In order to satisfy the above explanations, WSVM-FRS creates a map of data importance by computing ED in the form of (21).

$$ {\text{ED}}(x_{i} ) = - \sum\limits_{{x_{i} \in R^{d} }} {\mu_{{\overline{{F_{{{\text{IR}},\mu_{F} }} }} }} (x_{i} )\log_{2} \mu_{{\underline{{F_{{{\text{IR}}}} ,_{{\mu_{F} }} }} }} (x_{i} )} $$
(21)

Therefore, in this paper, ED concludes that both lower and upper approximation memberships are proposed as certainty index. In fact, ED gains a general perspective of sample’s roles by the upper approximation membership. Following this, the lower approximation membership, which computes restricted relation between samples and the decision boundary, is added to ED to improve the level of samples, which are certainly in the decision boundary. Then, it maps to range of [0, 1].

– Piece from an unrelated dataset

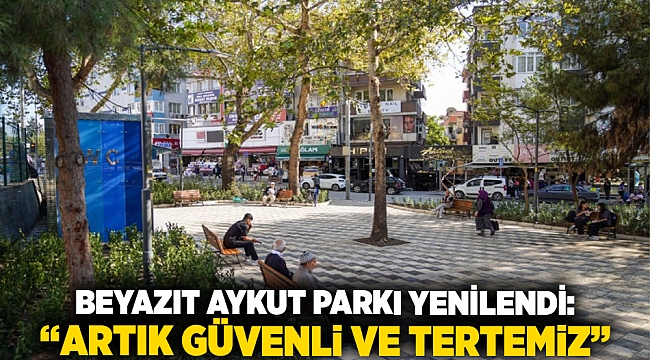 Beyazıt Aykut Parkı yenilendi: “Artık güvenli ve tertemiz”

In addition to assigning certain values as ED to each sample, kernel function is also used for mapping data to hyper dimension φ(.). The advantages of this mapping appear when inner product is displayed in optimization formula, then it can be replaced with the kernel trick. WSVM-FRS can be optimized as follows to discover boundary:

$$ \begin{aligned} & \min \;\frac{1}{2}\,\left\| W \right\|^{2} + C\sum\limits_{i = 1}^{N} {{\text{ED}}(x_{i} )\xi_{i} } \\ & s.t\;y_{i} (w^{\tau } \phi (x_{i} ) + b) \ge 1 - \xi_{i} ; \\ & \quad \xi_{i} \ge 0;\;i = 1, \ldots ,N. \\ \end{aligned} $$
(22)

This optimization turns into differentiable form below by adding \(\alpha_{i} \ge 0\) and \(\mu_{i} \ge 0\) as positive Lagrange values:

$$ \begin{aligned} & L(w,b,\alpha ) = \min \frac{1}{2}\left\| w \right\|^{2} + C\sum\limits_{i = 1}^{N} {{\text{ED}}(x_{i} )\xi_{i} } - \sum\limits_{i = 1}^{N} {\alpha_{i} \left[ {y_{i} (w^{\tau } \phi (x_{i} ) + b) - 1 + \xi_{i} } \right]} - \sum\limits_{i = 1}^{N} {\xi_{i} } \mu_{i} \\ & s.t\;\alpha_{i} \ge 0;\;\mu_{i} \ge 0,i = 1, \ldots ,N. \\ \end{aligned} $$
(23)

Since minimization of (23) is reachable by minimization of \(w,b,\xi_{i}\) and maximization of \(\alpha_{i} ,\mu_{i} ,\) partial derivations of \(w,b,\xi_{i}\) have been set to zero as follows:

$$ \frac{\partial L(w,b,\alpha )}{{\partial w}} = 0 \Rightarrow w - \sum\limits_{i = 1}^{N} {\alpha_{i} y_{i} \phi (x_{i} )} = 0 \Rightarrow w = \sum\limits_{i = 1}^{N} {\alpha_{i} y_{i} \phi (x_{i} )} $$
(24)
$$ \frac{\partial L(w,b,\alpha )}{{\partial b}} = 0 \Rightarrow \sum\limits_{i = 1}^{N} {\alpha_{i} y_{i} = 0} $$
(25)
$$ \begin{aligned} \frac{\partial L(w,b,\alpha )}{{\partial \xi_{i} }} & = 0 \Rightarrow \sum\limits_{i = 1}^{N} C \times {\text{ED}}(x_{i} ) - \sum\limits_{i = 1}^{N} {\alpha_{i} } - \sum\limits_{i = 1}^{N} {\mu_{i} } \\ & = 0 \Rightarrow \sum\limits_{i = 1}^{N} {(C - \alpha_{i} - \mu_{i} )} = 0\mathop \Rightarrow \limits^{{\alpha_{i} \ge 0,\mu_{i} \ge 0}} C = \alpha_{i} + \mu_{i} \\ & \Rightarrow 0 \le \alpha_{i} \le C,0 \le \mu_{i} \le C. \\ \end{aligned} $$
(26)

By replacing equations of (24) and (25) with (26), a form of DB is constructed in the form of (27):

$$ \begin{aligned} & \min \;\frac{1}{2}\sum\limits_{i} {\sum\limits_{j} {\alpha_{i} \alpha_{j} y_{i} y_{j} k(x_{i} ,x_{j} )} } - \sum\limits_{i} {\alpha_{i} } \\ & s.t\;\sum\limits_{i} {\alpha_{i} y_{i} } = 0;\;0 \le \alpha_{i} \le C \times {\text{ED}}(x_{i} ),\forall i. \\ \end{aligned} $$
(27)

The above form of optimization can be solved by the well-known quadratic optimization. Positive results of (27) describe support vectors (SVs). These special samples show the boundary and bias toward special ones.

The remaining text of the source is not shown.